If a development control plan contains provisions that relate to the development that is the subject of a development application, the consent authority:

(a) if those provisions set standards with respect to an aspect of the development and the development application complies with those standards—is not to require more onerous standards with respect to that aspect of the development, and

(b) if those provisions set standards with respect to an aspect of the development and the development application does not comply with those standards—is to be flexible in applying those provisions and allow reasonable alternative solutions that achieve the objects of those standards for dealing with that aspect of the development, and

(c) may consider those provisions only in connection with the assessment of that development application.

State Environmental Planning Policy (Sydney Region Growth Centres) 2006

  1. The Subject Site is situated within lands subject to the Growth Centres SEPP, and it is zoned R3 Medium Density Residential under that instrument. The objectives of the R3 zone are:

To provide for the housing needs of the community within a medium density residential environment.

To provide a variety of housing types within a medium density residential environment.

To enable other land uses that provide facilities or services to meet the day to day needs of residents.

To support the well-being of the community, by enabling educational, recreational, community, and other activities where compatible with the amenity of a medium density residential environment.

  1. Multi-dwelling housing developments are a permissible form of development within the R3 zone.
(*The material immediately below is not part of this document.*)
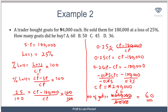To recap: we first calculated the total cost price by substituting the known values into the percentage loss formula, giving us 240,000 naira. Since each good cost 4,000 naira, we divided 240,000 by 4,000 to get 60 — the total number of goods he bought. This sums up how to think about percentage profit and loss.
  2. The subject site is also located within the Alex Avenue and Riverstone Precinct within the north-western growth centre and it is subject to the provisions of Appendix 4 of the Growth Centres SEPP, and in relation to this:

  1. Clause 4.1B which provides controls in relation to residential density within the Alex Avenue and Riverstone Precinct, and in relation to which the Subject Site is subject to a minimum density of dwellings development standard of 25 dwellings/Ha, with which the Respondent, and the planning experts, agreed the Proposed Development complied;

  2. Clause 4.3 which provides a height of buildings development standard applicable to the Subject Site, which is 16m, and with which the Respondent, and the planning experts, agreed the Proposed Development complies;

  3. Clause 4.4, which provides a floor space ratio development standard applicable to the Subject Site of 1.75:1 with which the Respondent, and the planning experts, agreed Proposed Development complies.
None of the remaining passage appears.